Demystifying the ways of large-city schools

As a Pulitzer Prize-winning journalist, Clara Hemphill thought she knew pretty much everything about ferreting out information under difficult circumstances. Then her children entered the New York City public school system.

"As a reporter, I covered the Vatican, and I was in Lebanon in 1982, and it was easier to get information there," she says.

Ms. Hemphill quickly became convinced that she was not alone. "If I was having trouble getting information about schools, then other parents must be, too," she reasoned.

Thus began her drive to put specific, qualitative knowledge about individual New York City schools into the hands of parents. It became an imperative that spoke to the needs of parents across the United States. When so much of current debate about education centers on school choice, Hemphill came to believe, disseminating information about individual schools was crucial.

Hemphill has now authored three different guides to New York City's public schools - including the newly released "New York City's Best Public High Schools" - all containing anecdotal profiles of successful city schools and basic advice for parents on navigating the city school system.

Although her books do contain basic numeric information about the different schools - figures on average class size, enrollment numbers, SAT scores, and the like - her focus is more on descriptive profiles. "Each school has its own personality and values, and that's the heart and soul of the school that I'm interested in," she says.
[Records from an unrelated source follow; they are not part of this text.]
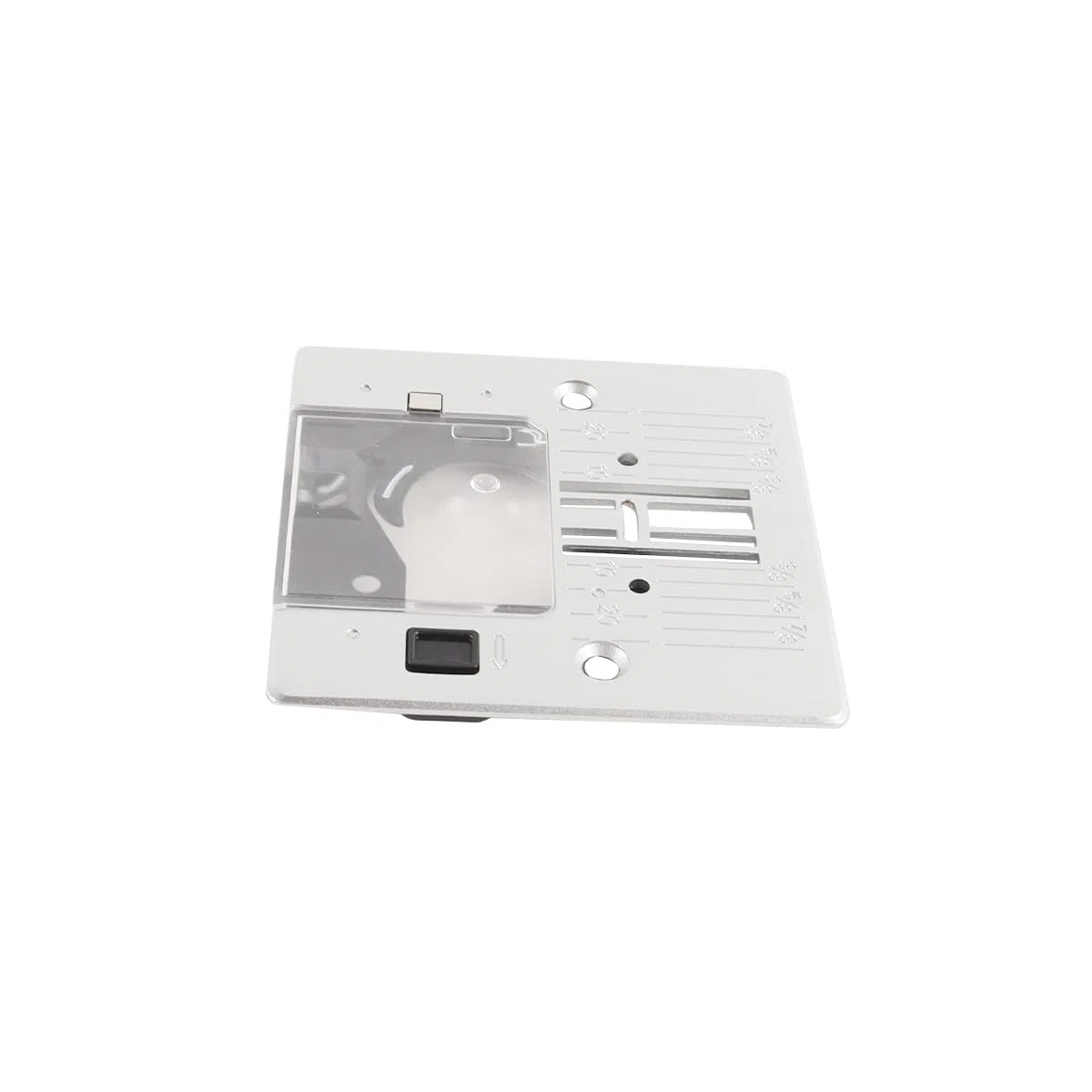 Ubric Placa de puntada recta, placa de aguja multifuncional para máquina de coser H20A-01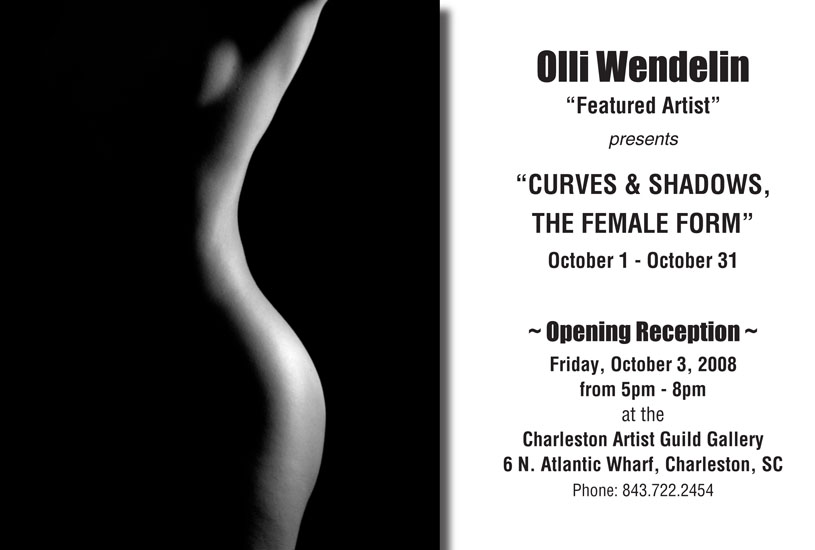 Curves & Shadows, The Female Form,   © OlliWendelin.com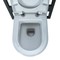 Комплект инсталляция с унитазом, крышкой и кнопкой смыва «Vitra» S50 9003B003-7200 белый/хром-матовый хром, картинка №6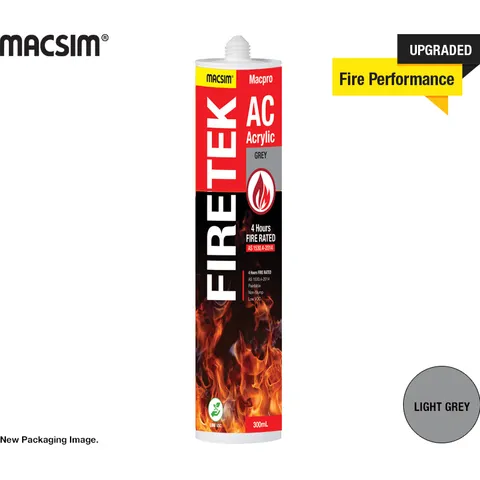 [53FTAC300] FIRETEK AC ACRYLIC GREY 300ML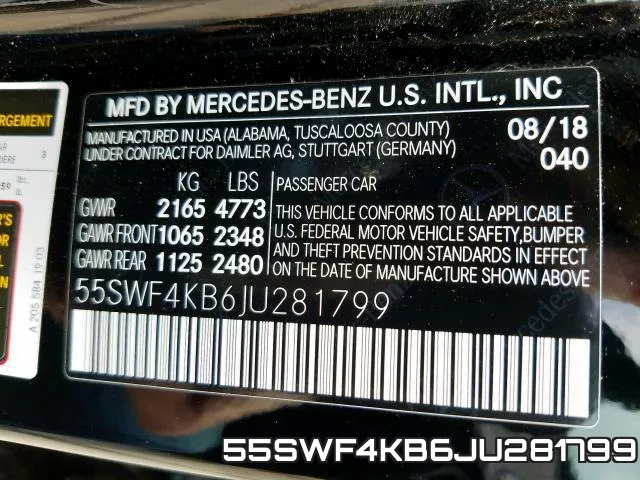 55SWF4KB6JU281799 фото 2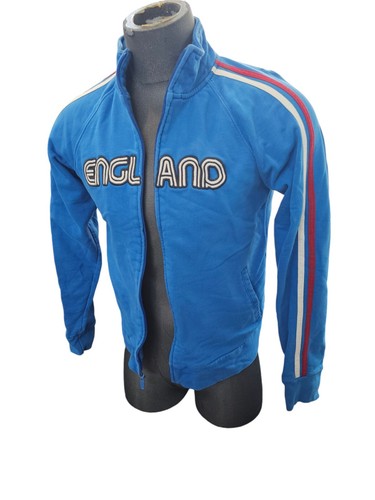 Vintage Roma Men's Blue England Full Zip Jacket Size Large Fleece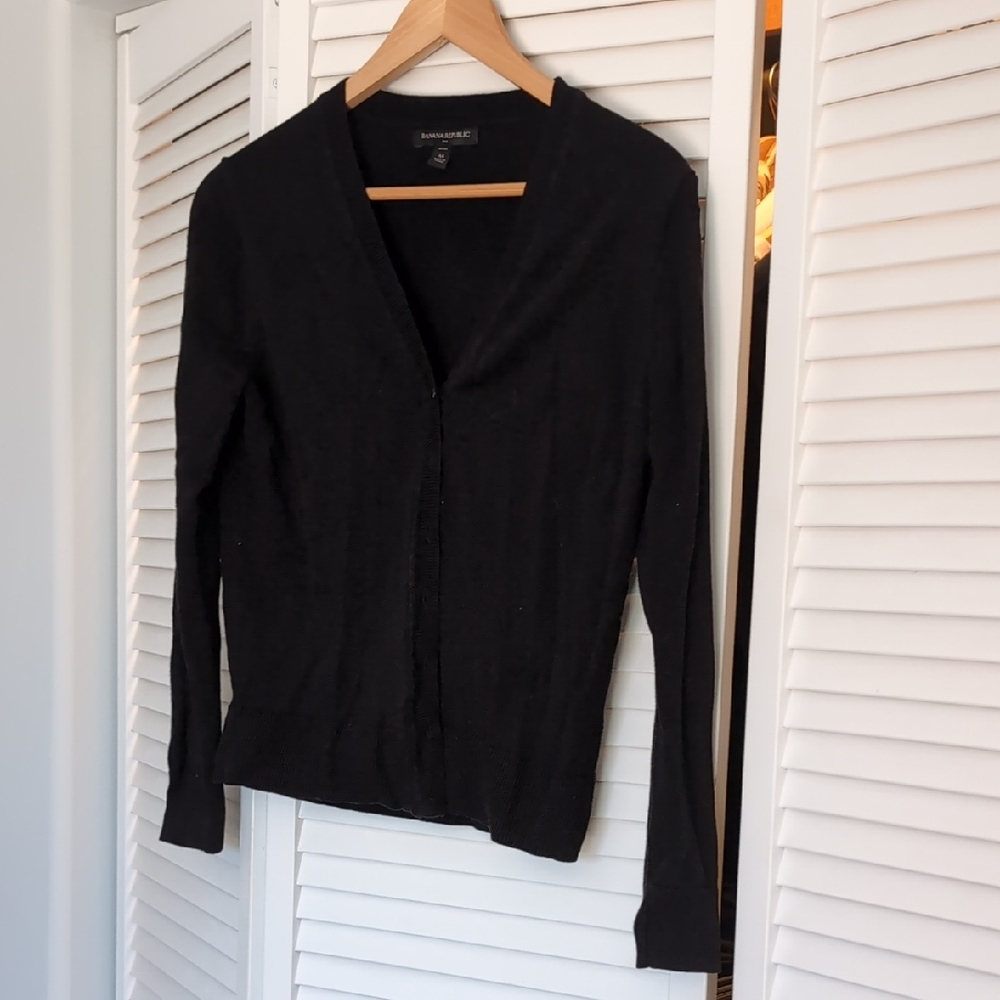 Banana Republic Classic Black Cardigan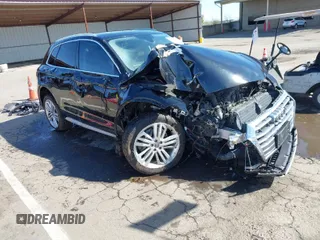 2018 Audi Q5 Prestige with VIN WA1CNAFY3J2078029, listed as a IAAI auction lot 41822564 with 80,690 mi miles. Bid and sale history available at carsss.com. Image 1.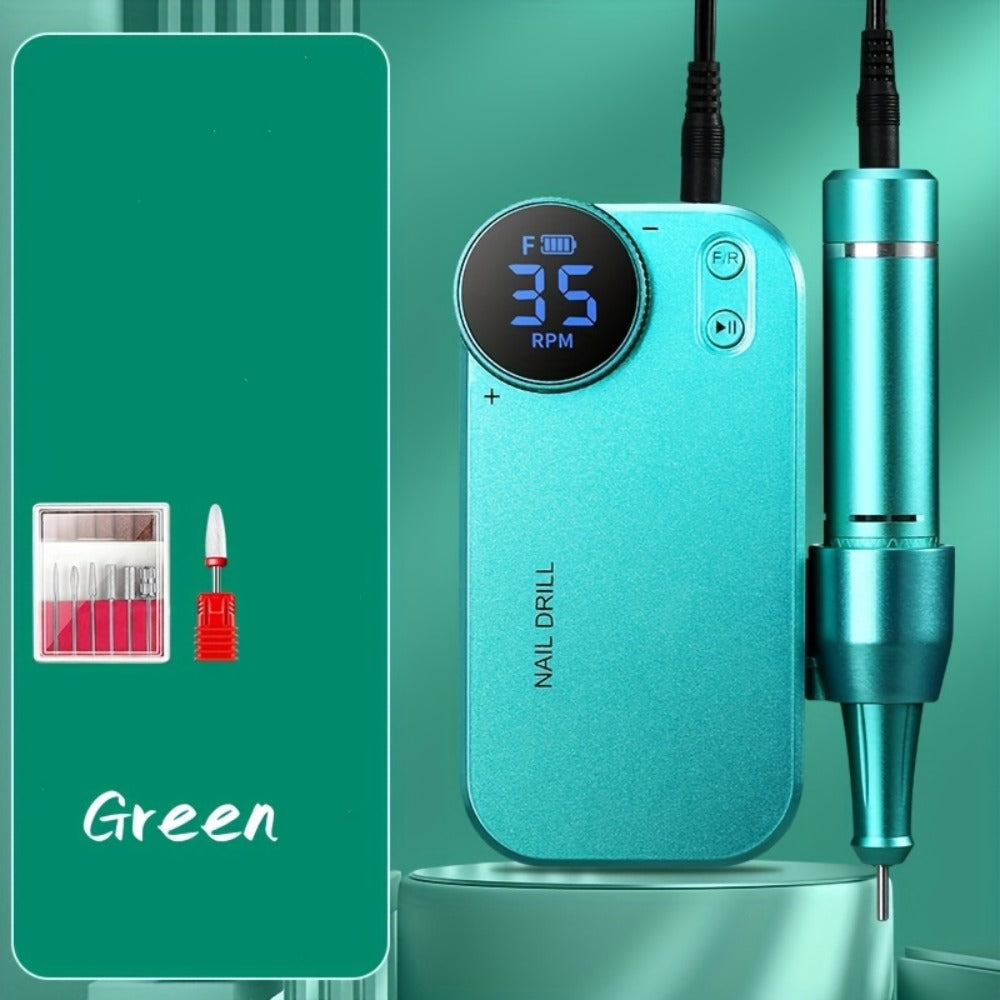 High-power Electric Nail Polisher And Nail Remover For Home And Salon Use, Rechargeable Nail Polishing Machine For Manicure, Pedicure, And Dead Skin Removal, A Perfect Gift For New Year And Christmas.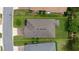 Well maintained yard with a beautiful lawn at 5610 Nw 37Th Lane Rd, Ocala, FL 34482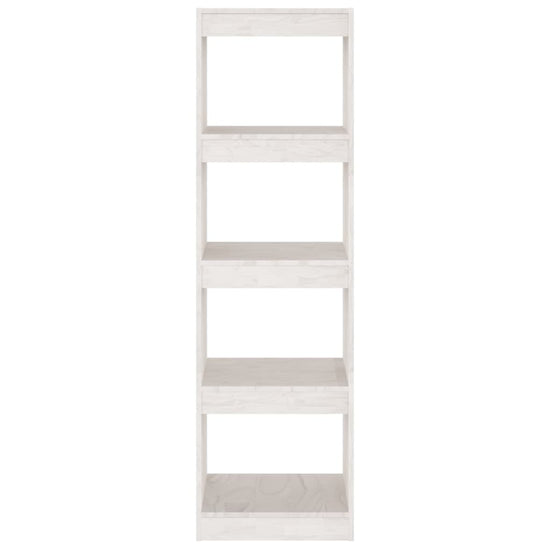 Boekenkast/kamerscherm 40x30x135,5 cm grenenhout wit MeubelReus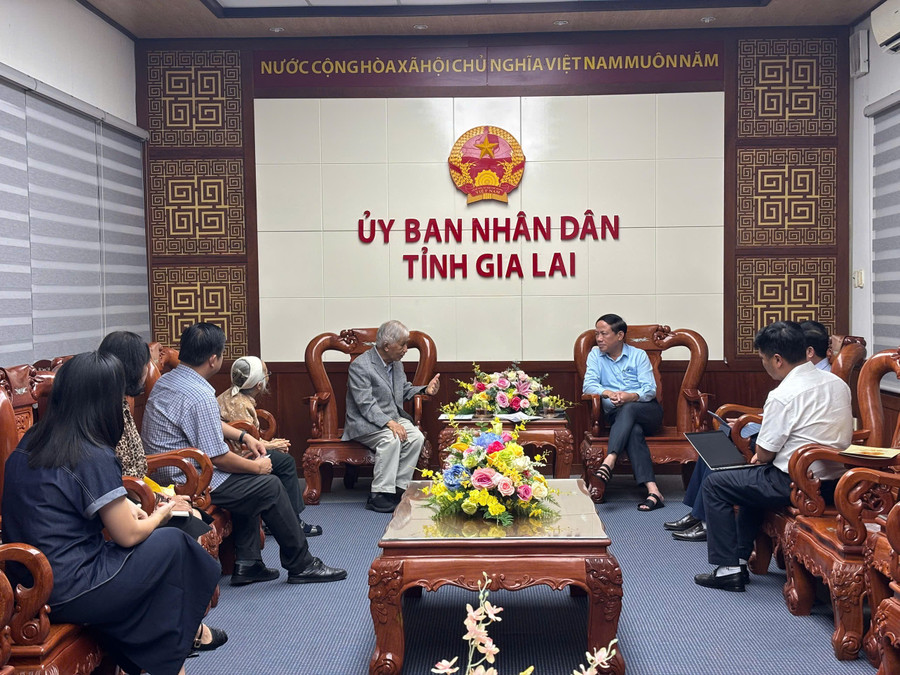 Quang cảnh buổi làm việc. Ảnh: Đức Hải quang-canh-buoi-lam-viec.jpg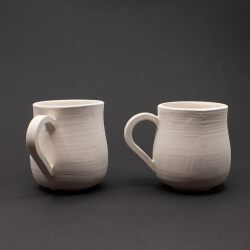 Rohling Tasse weiss Seite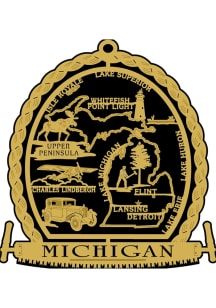 Michigan Brass Ornament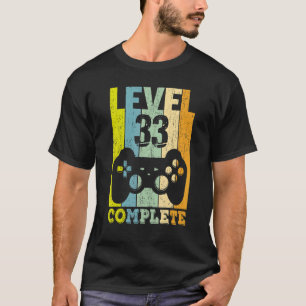 33rd Birthday Ladies Mens 33 Years 1989  Gift 4 T-Shirt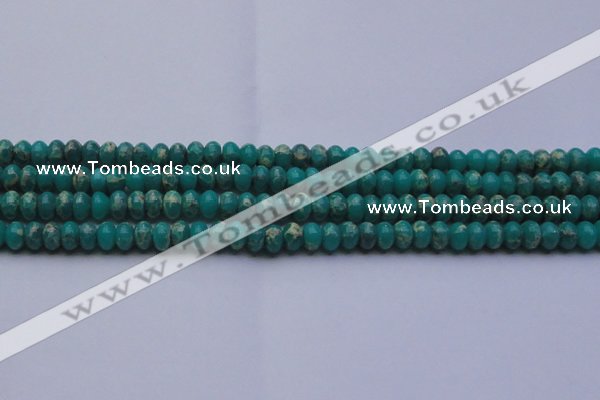 CDE2666 15.5 inches 8*12mm rondelle dyed sea sediment jasper beads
She is also involved in setting up an interactive Internet site (www.publicschoolsreport.org) that will feature profiles of as many New York City schools as possible, and serve as a forum for teachers, parents, students, and administrators to share information.

The current site focuses just on New York City, but it's a model Hemphill would eventually like to see replicated nationally.

Shared experience, Hemphill insists, can serve as a powerful vehicle for school improvement. An open forum for complaints about particular schools may help to keep up pressure for improvement. At the same time, it's equally important to share success stories.

"There are schools that found ways to chase the drug dealers off their sidewalks," she says. "There were some parents out in Rego Park [Queens] who did an end run around the bureaucracy and got an annex built in record time," she says. "There need to be ways of sharing these stories so schools can learn from one another."

In the course of her research, Hemphill visited dozens of New York City schools and gained an on-the-ground perspective of the 1.1 million-student, 1,200-school system that few parents - or even city policymakers - would be able to match.

One of the things that awed her about the New York system was the almost exhaustive variety of its school choices.

"There's an agricultural school in Queens where you can learn to milk a cow," she says. "There's a technical high school in Brooklyn with its own subway car where you can learn to do repairs. There are bilingual programs where you can study Hebrew and Japanese and Korean, and you can take advanced calculus in Korean."

But sadly, the range in terms of quality is almost as broad.

"There are also a lot of schools that are as grim and lifeless as prisons," she says, and particularly when it comes to high school, "the gap between the best-performing students and the worst gets really huge."

What she has seen in her survey of New York City schools has not convinced her that free-market competition - allowing parents to choose the schools their children will attend - will be enough to strengthen the public school system.

"Choice works well in an open-air fruit market, but not necessarily for a school system," she says. New York has long been known for its choice system, Hemphill points out, but the basic problem is that there are still not enough seats in good schools.

There's no avoiding the funding issue, she insists. "Of course, leadership and the quality of teaching count more than the budget, but the budget is still important," she says. "No matter how you slice it, we only spend $8,000 per student here, and they spend $14,000 per student in Scarsdale."

Still, what impressed her most in her travels throughout New York's public schools was the strength of what she calls "ordinary neighborhood schools."

She was awed by the teaching talent she glimpsed in some of these institutions. When the city considers where to invest its dollars, she says, "that's where you have to rebuild."